(DATA LISTING Opens)

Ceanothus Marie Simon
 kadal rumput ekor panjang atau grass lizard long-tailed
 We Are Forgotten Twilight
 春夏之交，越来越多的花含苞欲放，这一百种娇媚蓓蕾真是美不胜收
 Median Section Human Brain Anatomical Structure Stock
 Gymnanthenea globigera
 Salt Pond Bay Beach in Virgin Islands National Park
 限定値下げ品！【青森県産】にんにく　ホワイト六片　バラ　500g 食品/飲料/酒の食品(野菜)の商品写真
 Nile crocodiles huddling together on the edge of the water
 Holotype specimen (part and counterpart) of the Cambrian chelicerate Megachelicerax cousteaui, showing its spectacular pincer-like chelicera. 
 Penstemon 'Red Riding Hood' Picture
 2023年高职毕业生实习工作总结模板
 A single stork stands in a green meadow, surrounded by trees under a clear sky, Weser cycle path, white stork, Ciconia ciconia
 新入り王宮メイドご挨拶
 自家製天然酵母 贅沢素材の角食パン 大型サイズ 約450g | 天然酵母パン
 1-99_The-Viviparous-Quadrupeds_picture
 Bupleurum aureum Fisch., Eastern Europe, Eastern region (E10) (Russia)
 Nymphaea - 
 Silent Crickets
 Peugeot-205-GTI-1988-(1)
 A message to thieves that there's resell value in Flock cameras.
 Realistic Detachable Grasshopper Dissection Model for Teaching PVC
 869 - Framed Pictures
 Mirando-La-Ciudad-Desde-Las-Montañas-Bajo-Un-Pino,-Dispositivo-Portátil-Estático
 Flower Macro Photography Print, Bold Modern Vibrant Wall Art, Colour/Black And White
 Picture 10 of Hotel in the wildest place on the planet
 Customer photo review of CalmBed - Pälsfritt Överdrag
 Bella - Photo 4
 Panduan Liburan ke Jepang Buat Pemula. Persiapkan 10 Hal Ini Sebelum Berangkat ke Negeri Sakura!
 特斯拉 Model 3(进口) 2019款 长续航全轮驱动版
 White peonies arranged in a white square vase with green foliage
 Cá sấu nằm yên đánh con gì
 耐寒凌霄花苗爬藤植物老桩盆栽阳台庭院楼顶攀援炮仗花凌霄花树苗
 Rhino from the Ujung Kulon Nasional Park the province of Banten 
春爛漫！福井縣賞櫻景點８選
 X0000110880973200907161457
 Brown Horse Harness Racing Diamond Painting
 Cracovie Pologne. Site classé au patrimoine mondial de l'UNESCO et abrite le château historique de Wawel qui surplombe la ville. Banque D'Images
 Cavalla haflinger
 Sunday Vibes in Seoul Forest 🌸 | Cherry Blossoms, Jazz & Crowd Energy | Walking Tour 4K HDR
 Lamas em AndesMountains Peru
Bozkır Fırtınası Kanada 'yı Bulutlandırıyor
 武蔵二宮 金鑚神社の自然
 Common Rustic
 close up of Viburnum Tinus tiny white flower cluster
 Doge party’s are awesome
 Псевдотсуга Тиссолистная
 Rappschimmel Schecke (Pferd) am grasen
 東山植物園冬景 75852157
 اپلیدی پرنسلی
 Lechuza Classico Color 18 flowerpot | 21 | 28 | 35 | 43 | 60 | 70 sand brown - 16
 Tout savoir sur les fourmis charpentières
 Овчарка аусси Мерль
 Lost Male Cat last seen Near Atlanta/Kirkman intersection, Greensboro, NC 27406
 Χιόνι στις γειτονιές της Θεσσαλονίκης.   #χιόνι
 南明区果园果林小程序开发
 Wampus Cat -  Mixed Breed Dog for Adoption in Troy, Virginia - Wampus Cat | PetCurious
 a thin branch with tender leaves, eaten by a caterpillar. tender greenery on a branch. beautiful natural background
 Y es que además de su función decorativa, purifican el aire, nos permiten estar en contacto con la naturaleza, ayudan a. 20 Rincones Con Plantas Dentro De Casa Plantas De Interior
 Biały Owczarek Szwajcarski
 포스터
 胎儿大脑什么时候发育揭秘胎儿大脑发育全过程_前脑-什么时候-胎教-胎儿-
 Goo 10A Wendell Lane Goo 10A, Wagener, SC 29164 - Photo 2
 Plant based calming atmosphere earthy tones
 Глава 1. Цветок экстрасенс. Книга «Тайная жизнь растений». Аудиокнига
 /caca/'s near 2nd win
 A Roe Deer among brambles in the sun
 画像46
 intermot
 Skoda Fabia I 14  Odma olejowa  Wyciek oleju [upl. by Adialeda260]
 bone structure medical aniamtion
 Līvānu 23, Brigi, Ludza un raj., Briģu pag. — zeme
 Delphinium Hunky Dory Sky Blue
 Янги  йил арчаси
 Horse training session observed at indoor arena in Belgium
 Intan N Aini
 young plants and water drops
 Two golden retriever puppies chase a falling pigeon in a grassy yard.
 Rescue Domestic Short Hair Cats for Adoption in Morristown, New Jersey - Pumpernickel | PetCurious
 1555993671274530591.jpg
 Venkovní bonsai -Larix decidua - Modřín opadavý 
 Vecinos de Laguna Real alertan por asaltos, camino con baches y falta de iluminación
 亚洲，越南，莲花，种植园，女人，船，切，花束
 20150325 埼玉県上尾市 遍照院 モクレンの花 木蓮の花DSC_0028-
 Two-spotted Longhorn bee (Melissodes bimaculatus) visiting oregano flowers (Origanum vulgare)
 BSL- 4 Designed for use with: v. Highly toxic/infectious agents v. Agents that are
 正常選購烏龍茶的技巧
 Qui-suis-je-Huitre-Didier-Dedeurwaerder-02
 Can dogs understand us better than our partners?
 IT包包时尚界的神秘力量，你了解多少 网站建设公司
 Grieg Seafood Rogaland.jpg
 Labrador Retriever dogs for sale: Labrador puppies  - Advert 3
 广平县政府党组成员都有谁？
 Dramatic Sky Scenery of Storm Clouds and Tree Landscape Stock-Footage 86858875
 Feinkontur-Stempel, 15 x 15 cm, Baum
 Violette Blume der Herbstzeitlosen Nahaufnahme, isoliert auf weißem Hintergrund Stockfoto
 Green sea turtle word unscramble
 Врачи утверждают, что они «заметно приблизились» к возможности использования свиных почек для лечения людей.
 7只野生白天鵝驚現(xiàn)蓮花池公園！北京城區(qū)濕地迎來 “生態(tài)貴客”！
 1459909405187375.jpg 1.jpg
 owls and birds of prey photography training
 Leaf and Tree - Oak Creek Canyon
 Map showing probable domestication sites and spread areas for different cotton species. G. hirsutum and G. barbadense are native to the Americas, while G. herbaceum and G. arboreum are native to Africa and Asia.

(DATA LISTING Closes)

# DIRECTIONS FOR THIS TASK
Among the records above, only the lines between the line holding "Bozkır Fırtınası Kanada 'yı Bulutlandırıyor" and the line holding "اپلیدی پرنسلی", inclusive, are to be output, exactly as written.

# EXERCISE SOLUTION
Bozkır Fırtınası Kanada 'yı Bulutlandırıyor
 武蔵二宮 金鑚神社の自然
 Common Rustic
 close up of Viburnum Tinus tiny white flower cluster
 Doge party’s are awesome
 Псевдотсуга Тиссолистная
 Rappschimmel Schecke (Pferd) am grasen
 東山植物園冬景 75852157
 اپلیدی پرنسلی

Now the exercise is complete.